Life as we know it requires three main ingredients, Li said: liquid water, an energy source and certain chemical building blocks (namely, carbon, hydrogen, nitrogen, oxygen, phosphorus and sulfur).

The dwarf planet Ceres — which is about 590 miles (950 kilometers) wide — is thought to have a lot of water, based on its low overall density (2.09 grams per cubic centimeter; compared to 5.5 g/cubic cm for Earth). Ceres is likely a differentiated body with a rocky core and a mantle comprised of water ice, researchers say, and water-bearing minerals have been detected on its surface.

Indeed, water appears to make up about 40 percent of Ceres’ volume, Li said.

“Ceres is actually the largest water reservoir in the inner solar system other than the Earth,” he said. However, it’s unclear at the moment how much, if any, of this water is liquid, he added.

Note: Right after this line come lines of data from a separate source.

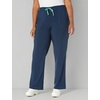 image:imageCrossFlex Womens Boot Cut Cargo Scrub PantNavy
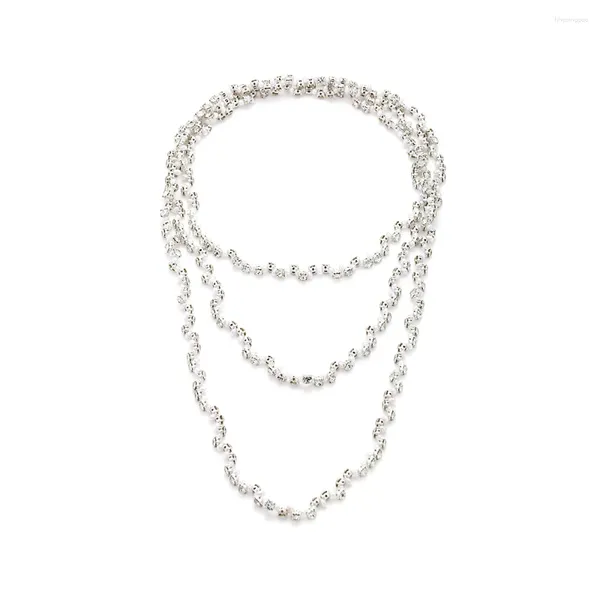 Halskette Ohrringe Set 2024 ZAA Kristall Imitation Perle Lange Halsband Für Frauen Urlaub Partei Schmuck Geschenke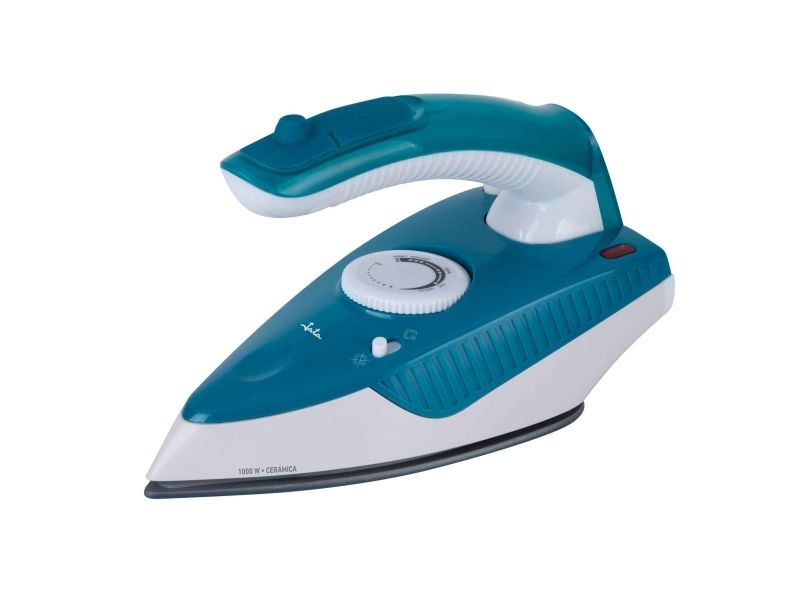 JATA JEPL2810, Dampstrygejern, Keramisk strygesål, 1,9 m, Turkis, Hvid, Knapper, Scrollbar, 1000 W billede 1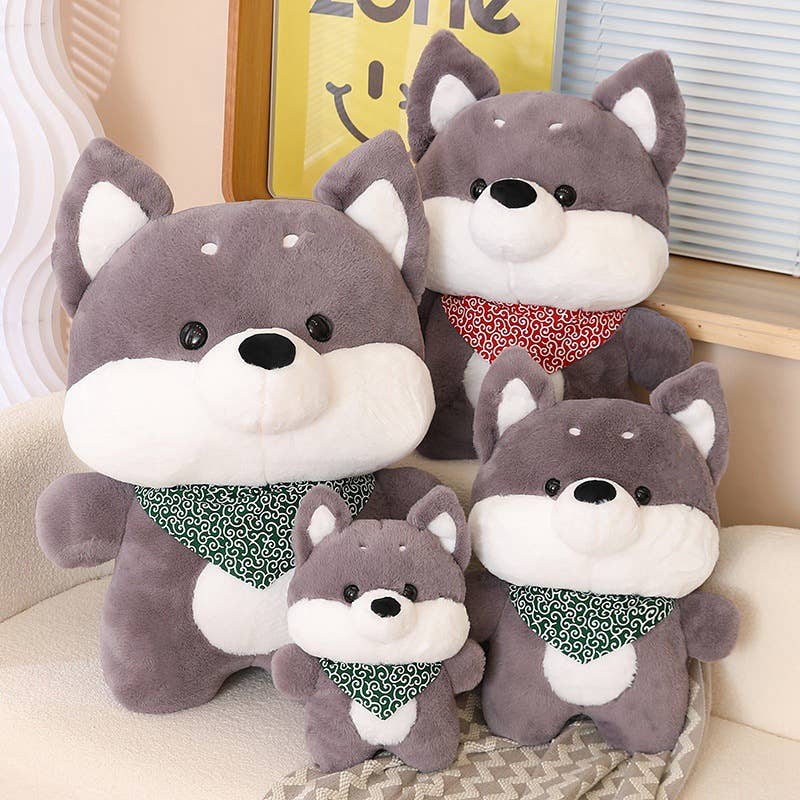 Husky Shiba Kawaii Dog Plush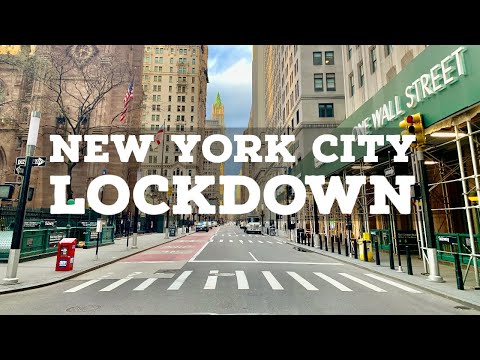 Walking Empty Streets of Manhattan, NYC - First Days of NYC Lockdown (March 2020)
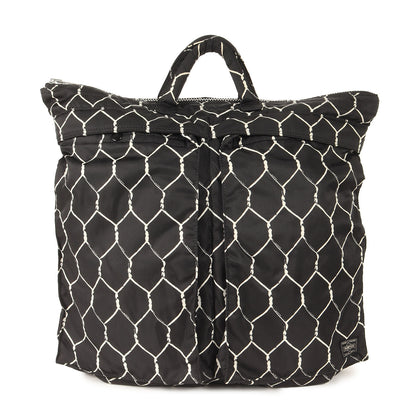 ×PORTER ワイヤーメッシュ柄 ヘルメットバッグ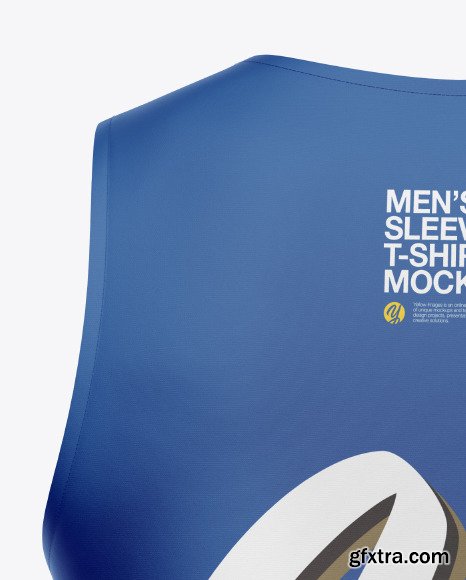Men\'s Sleeveless Shirt Mockup 49812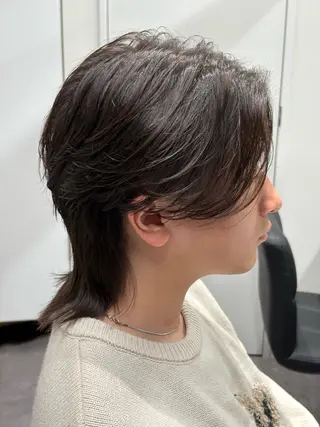 ミディアム カラー パーマ メンズ メンズパーマ特化 🔥韓国ヘア職人🔥のヘアスタイル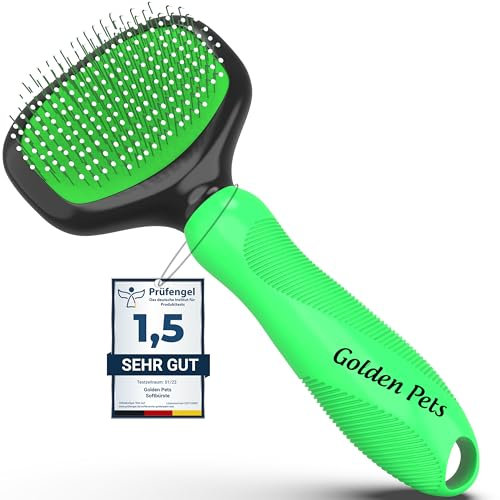 TESTURTEIL SEHR GUT Softbürste verbesserte Version **VERGLEICHSSIEGER** Sanfte Fellpflege für Hunde, Welpen, Katzen, Hasen, Hamster Hundebürste Pudel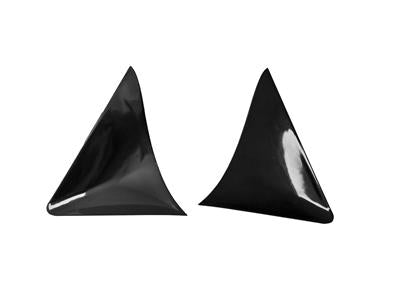 AWE Tuning Air Deflectors, Replacement, Driver Side, Passenger Side, Adhesive, Plastic, Black - 111011012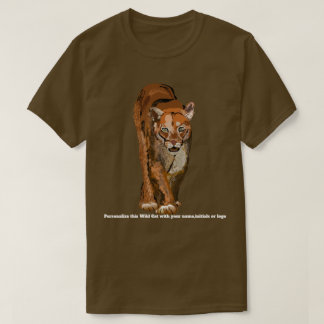 Cougar or Mountain Lion or Puma T shirt
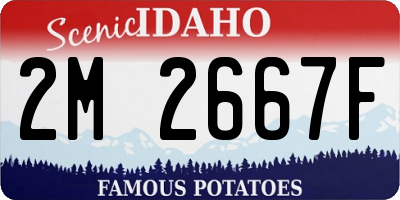 ID license plate 2M2667F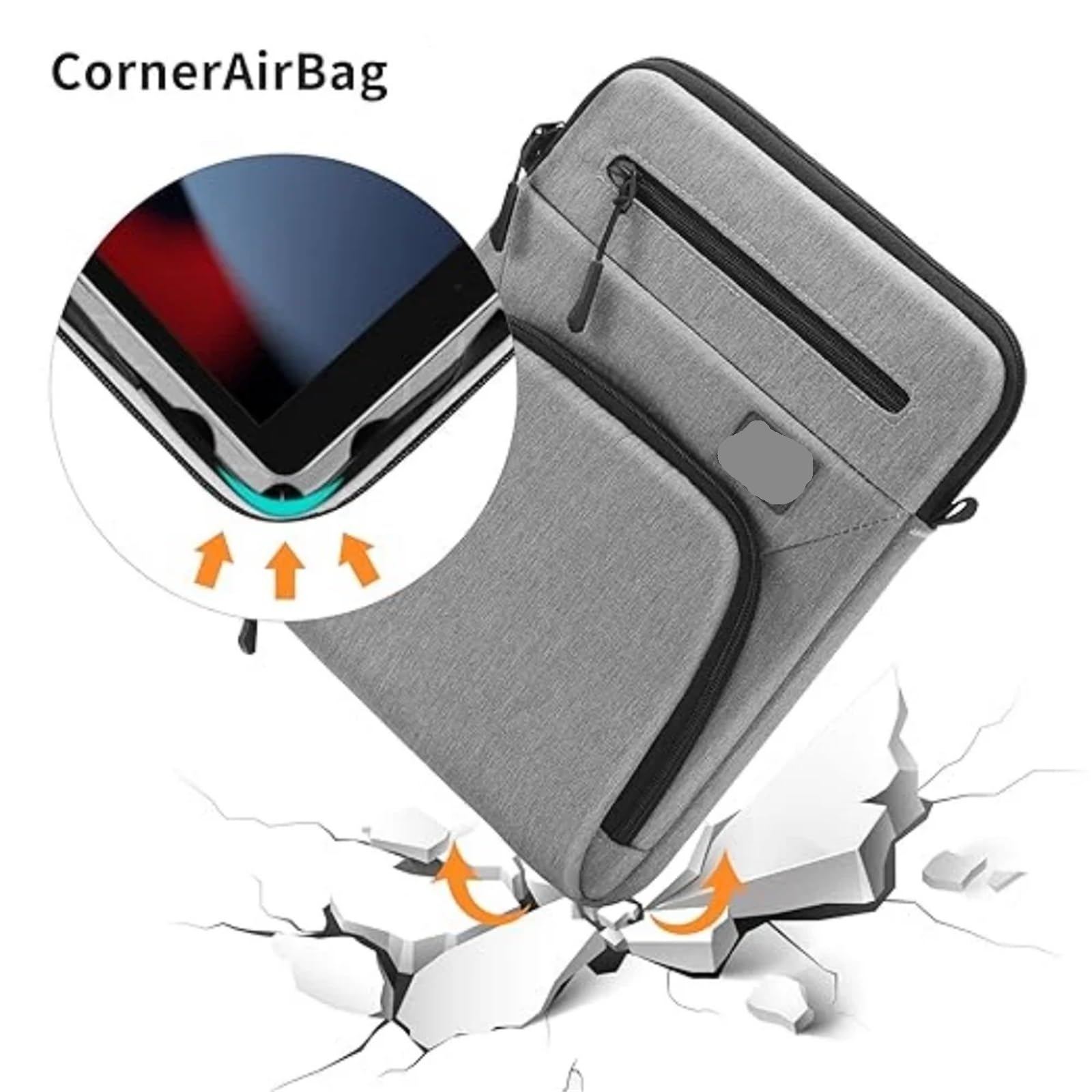 Funda De Tableta Funda for Tableta con asa de 12,9 Pulgadas y Correa for el Hombro para Tablet(Dark Grey)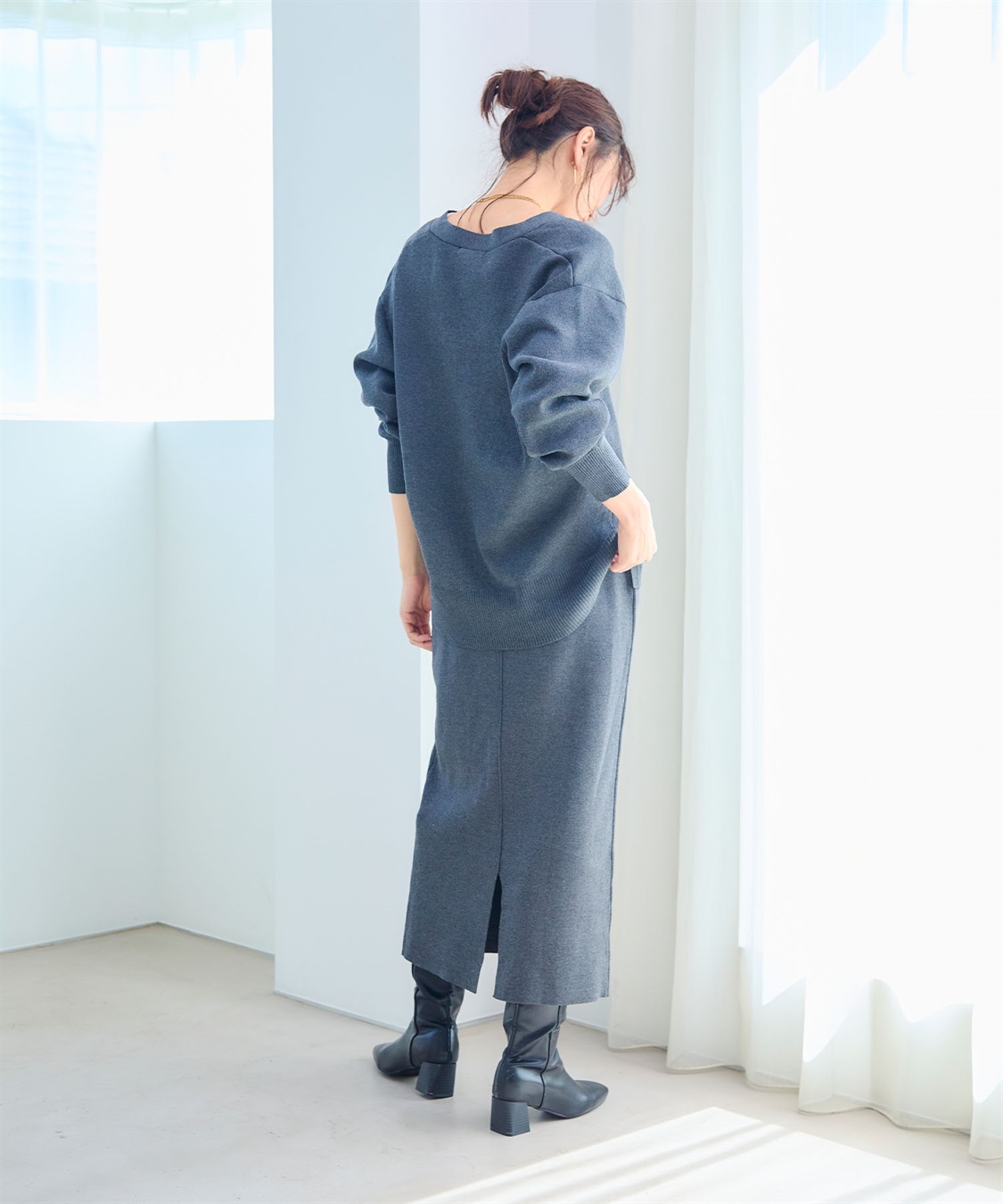 CROSS FUNCTION 《洗える》ダブルジャガードマシュマロニットカーディガン●セットアップ可能●【CF/クロスファンクション】_sub_23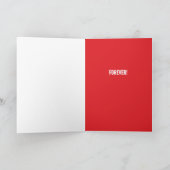 シンプルヴァレンティパーソナライズされたンイニシャルカード シーズンカード (内部)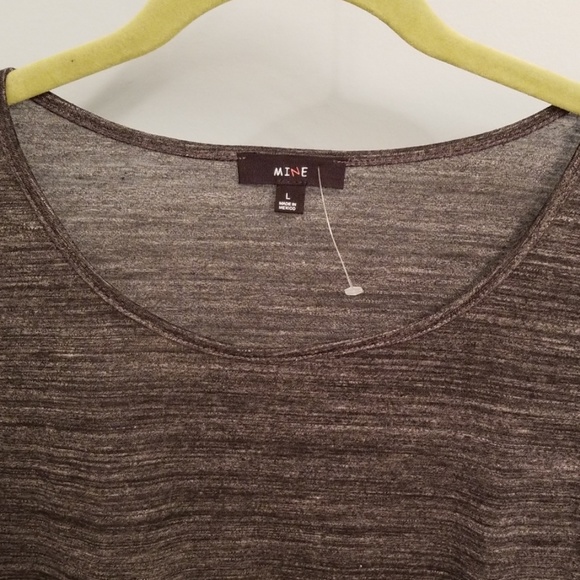 Mine Grey/Black Long Sleeve Elbow Patch Top in L - Picture 3 of 8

As far as energy goes, Ceres has access to a decent amount via solar heating, since the dwarf planet lies just 2.8 astronomical units (AU) from the sun, Li said. (One AU is the distance between Earth and the sun — about 93 million miles, or 150 million km). Europa and Enceladus are much farther away from our star — 5.2 and 9 AU, respectively.

Both Europa and Enceladus possess stores of internal heat, which is generated by tidal forces. This heat keeps the ice-covered moons’ subsurface oceans of liquid water from freezing up, and also drives the eruption of water-vapor plumes on Enceladus (and probably Europa as well; researchers announced last year that NASA’s Hubble Space Telescope spotted water vapor erupting from the Jupiter moon in December 2012).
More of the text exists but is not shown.